» DATA FOR THIS EXERCISE
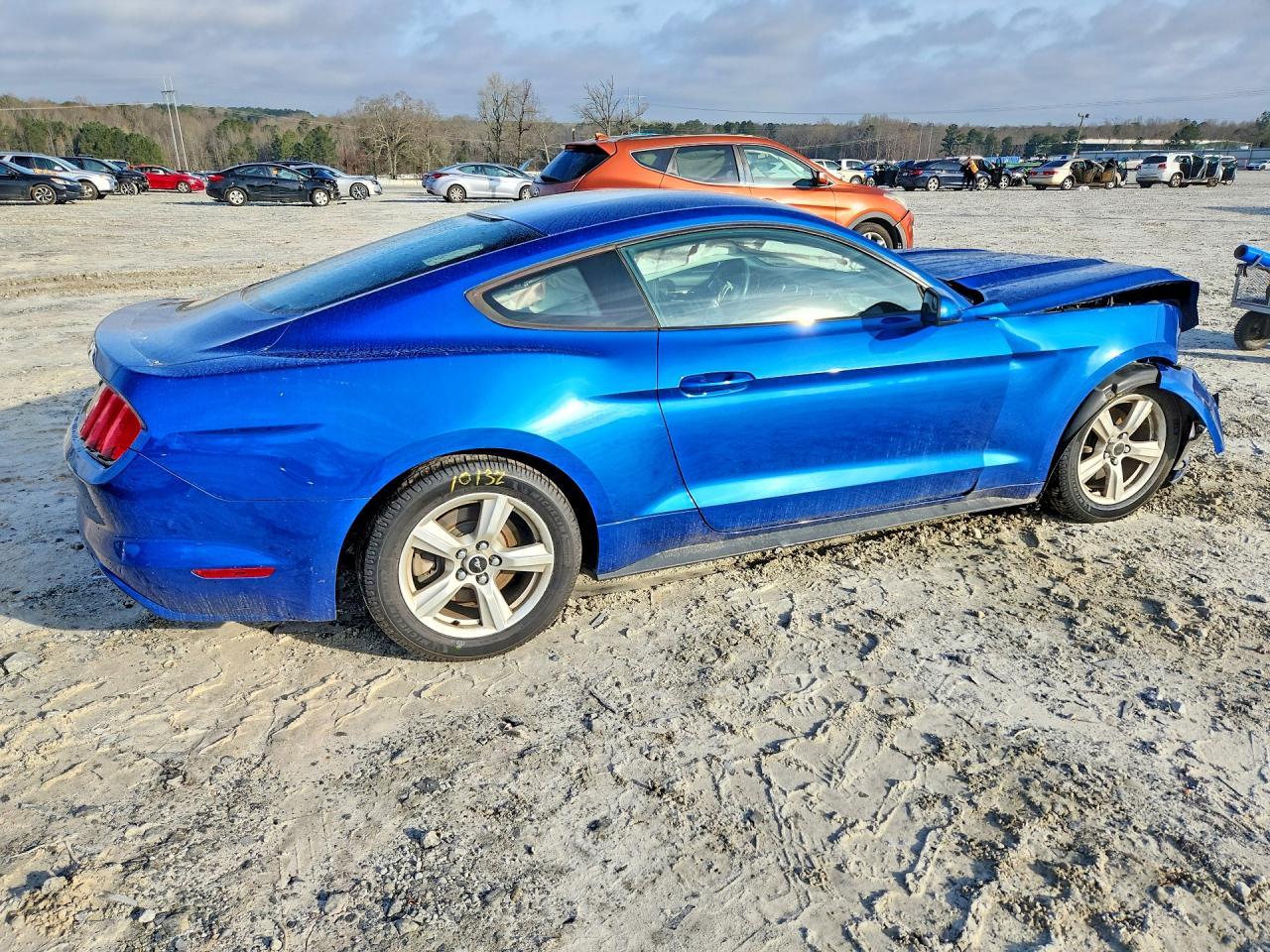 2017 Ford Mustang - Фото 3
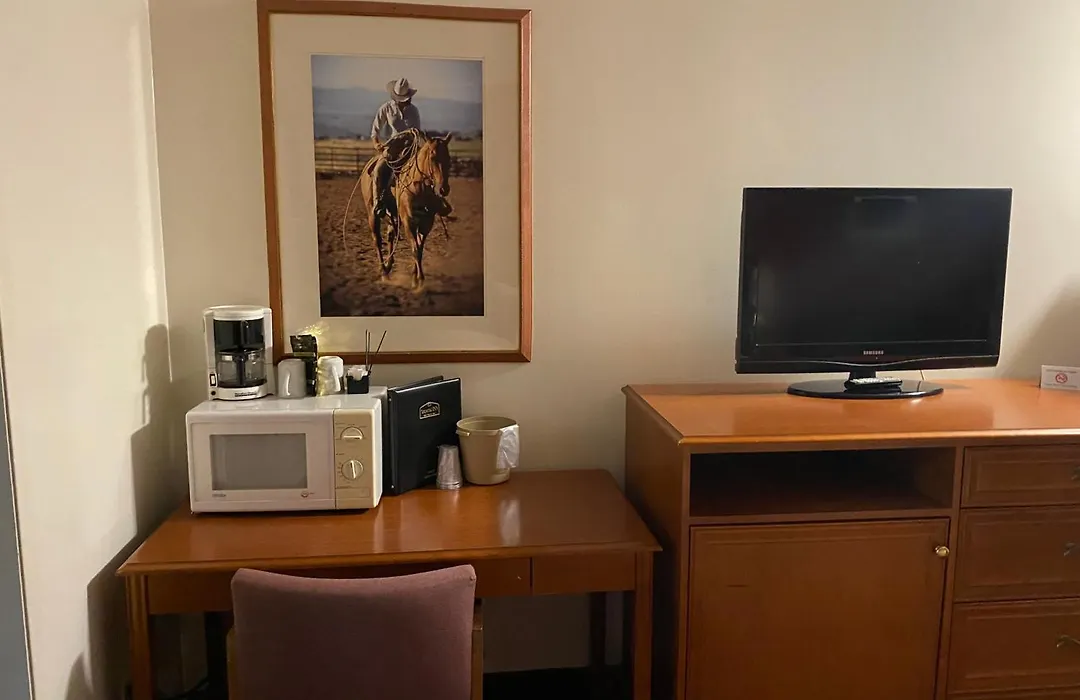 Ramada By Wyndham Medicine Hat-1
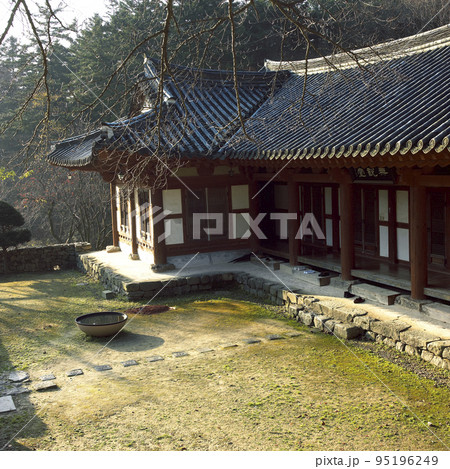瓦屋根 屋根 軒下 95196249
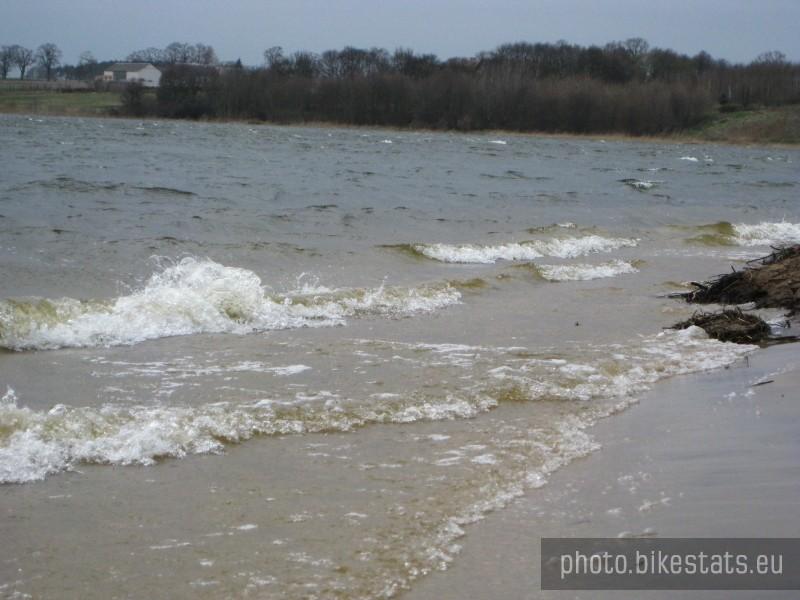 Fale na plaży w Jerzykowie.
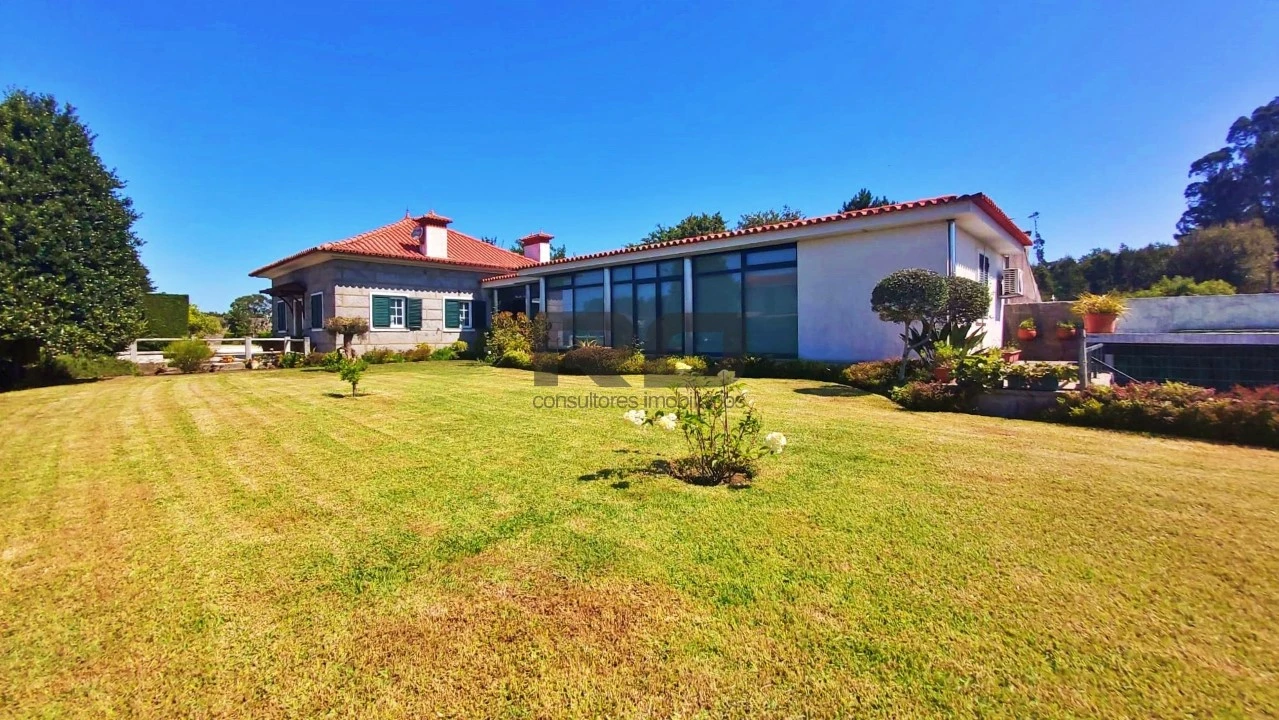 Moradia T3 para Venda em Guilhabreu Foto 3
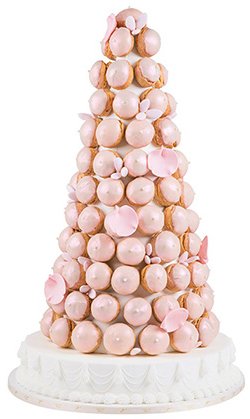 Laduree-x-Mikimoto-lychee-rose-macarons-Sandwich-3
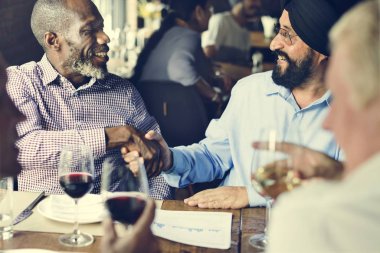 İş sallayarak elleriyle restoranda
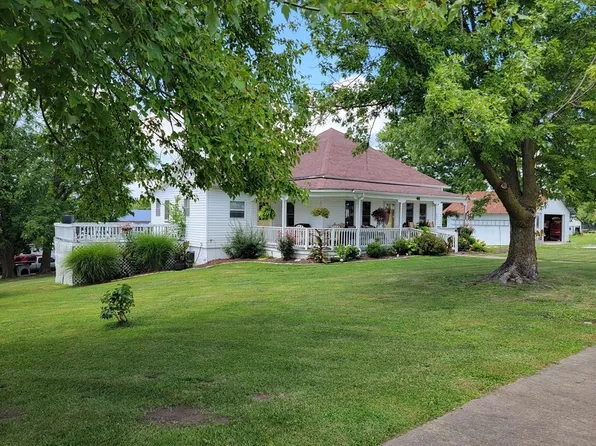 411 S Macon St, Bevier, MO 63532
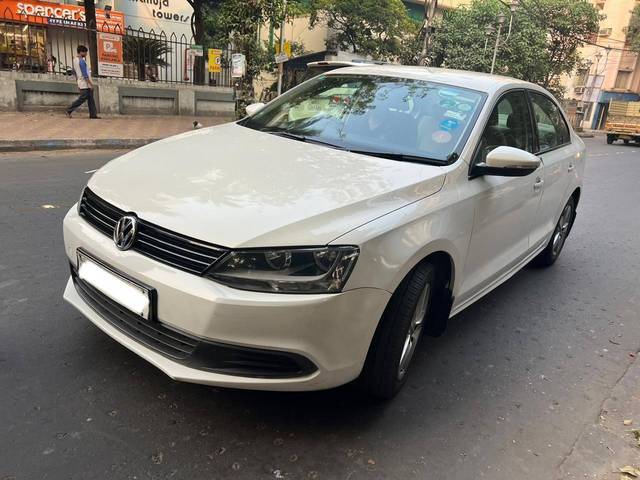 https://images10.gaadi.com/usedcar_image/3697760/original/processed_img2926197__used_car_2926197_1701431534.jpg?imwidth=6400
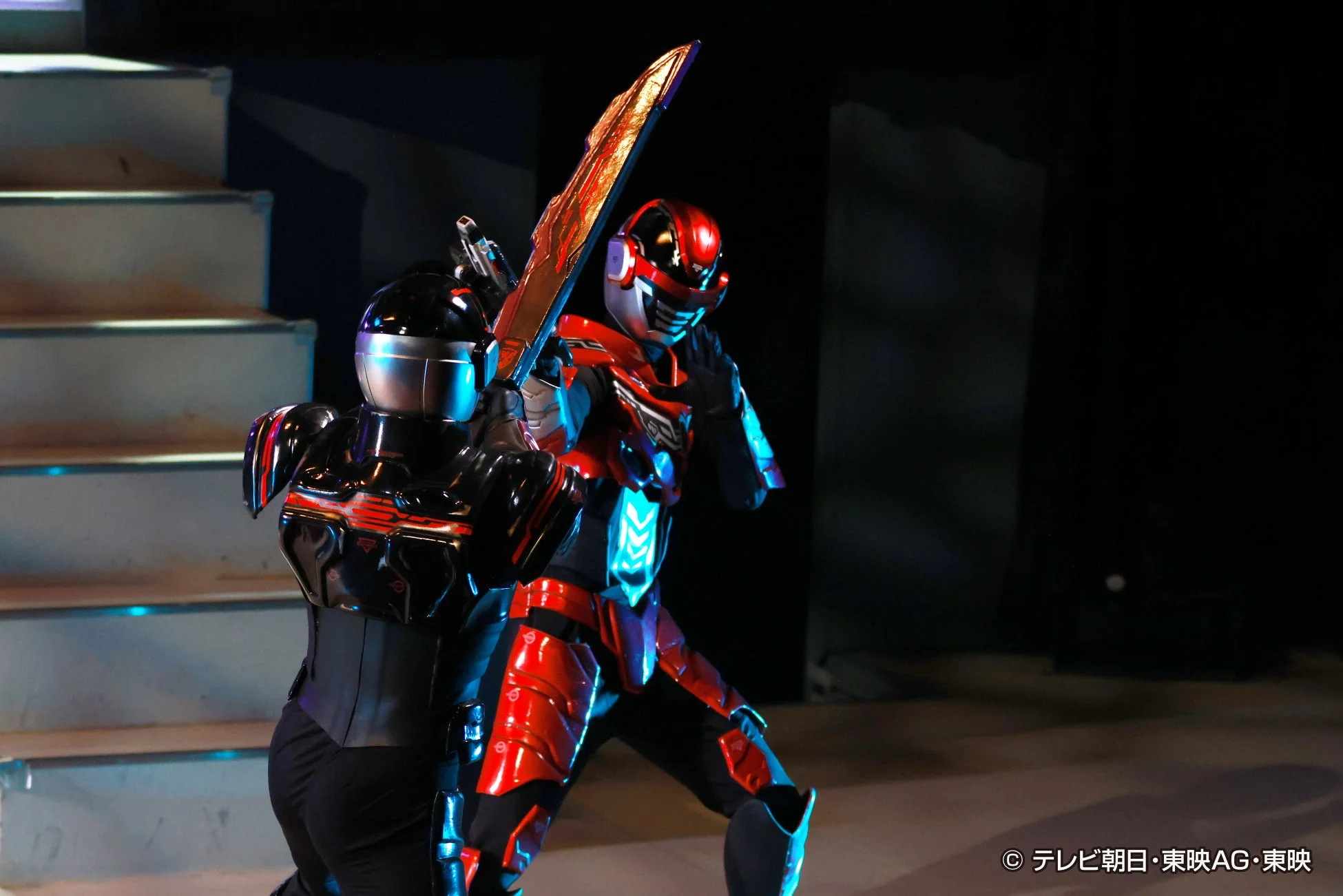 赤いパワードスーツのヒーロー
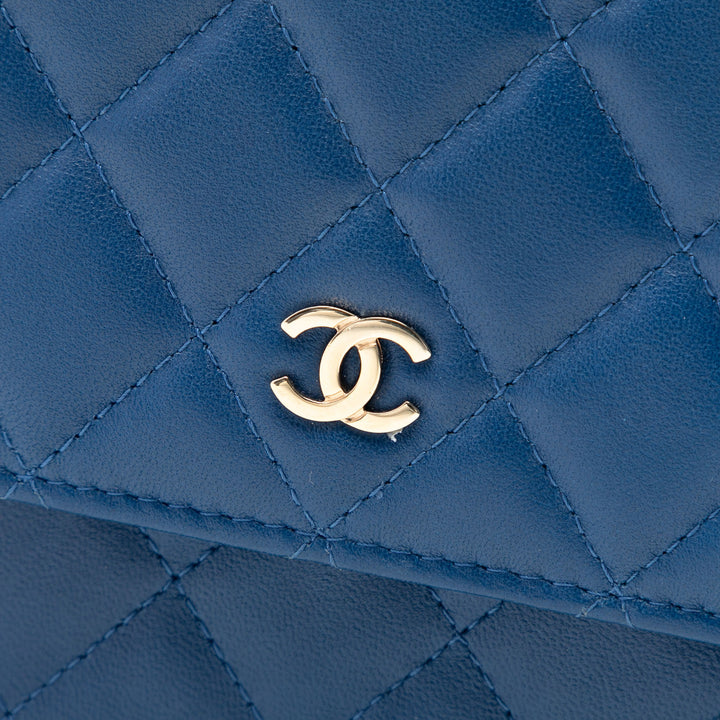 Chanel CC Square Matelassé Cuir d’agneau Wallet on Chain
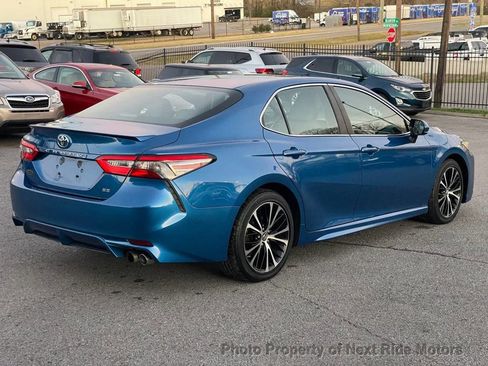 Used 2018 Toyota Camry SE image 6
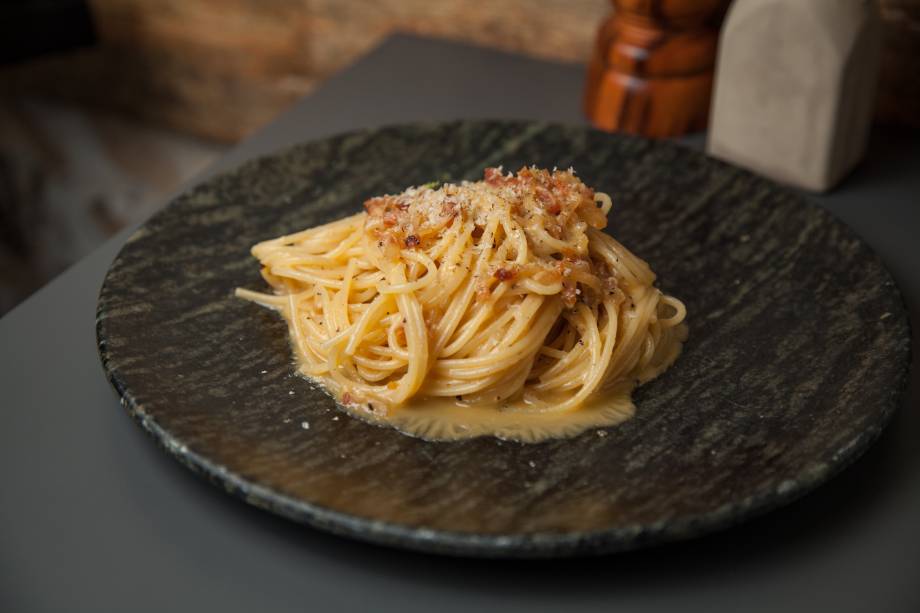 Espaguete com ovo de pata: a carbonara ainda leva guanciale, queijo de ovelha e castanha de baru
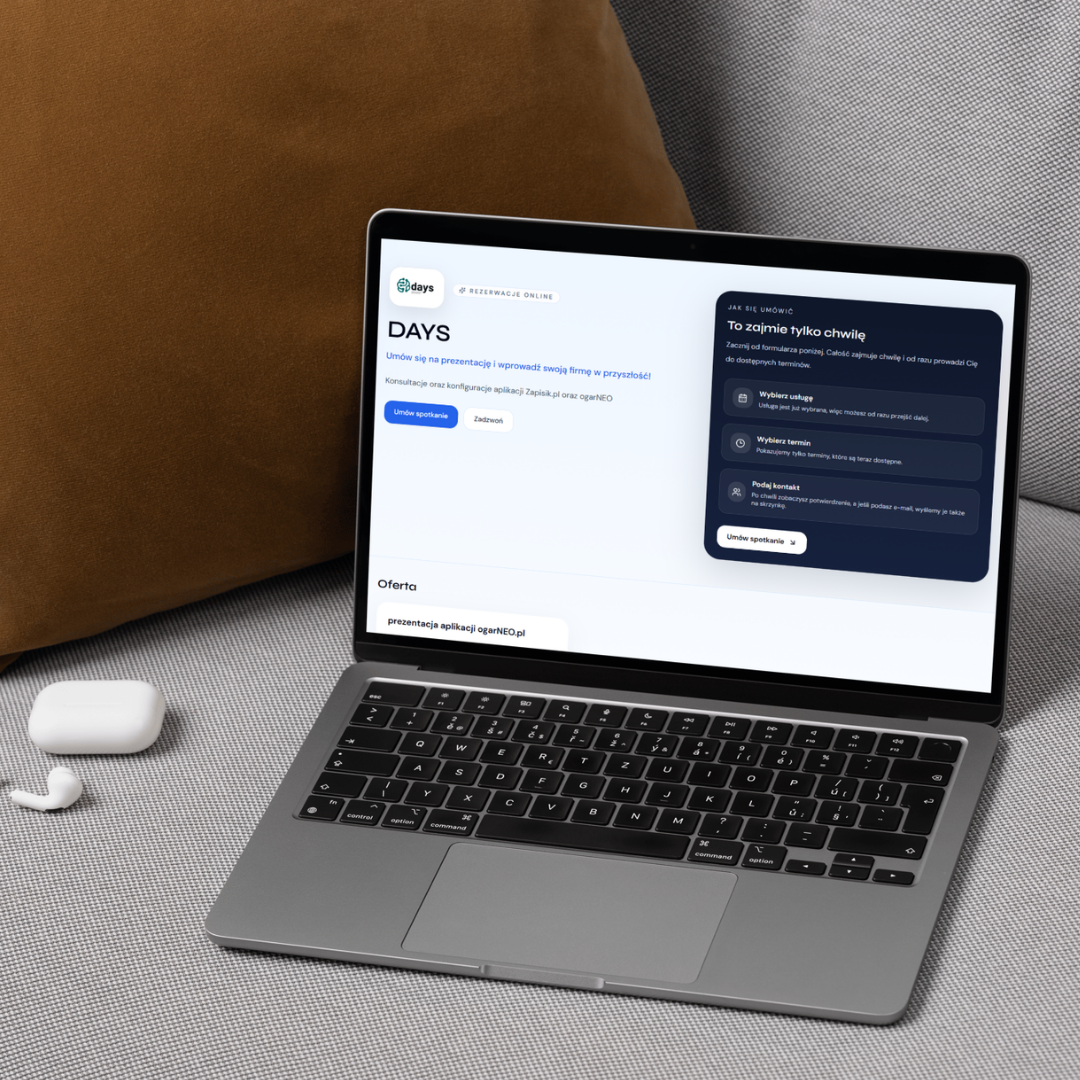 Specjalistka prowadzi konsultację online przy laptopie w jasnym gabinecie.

» ABOUT THIS EXERCISE
The exact lines from the one containing "Moradia T3 para Venda em Guilhabreu Foto 3" through the end of the data are to be copied, with both ends kept and pictures left out.

» RESPONSE BOX
 Moradia T3 para Venda em Guilhabreu Foto 3
 Laduree-x-Mikimoto-lychee-rose-macarons-Sandwich-3
 İş sallayarak elleriyle restoranda
 411 S Macon St, Bevier, MO 63532
 https://images10.gaadi.com/usedcar_image/3697760/original/processed_img2926197__used_car_2926197_1701431534.jpg?imwidth=6400
 赤いパワードスーツのヒーロー
 Chanel CC Square Matelassé Cuir d’agneau Wallet on Chain
 Used 2018 Toyota Camry SE image 6
 Espaguete com ovo de pata: a carbonara ainda leva guanciale, queijo de ovelha e castanha de baru
 Specjalistka prowadzi konsultację online przy laptopie w jasnym gabinecie.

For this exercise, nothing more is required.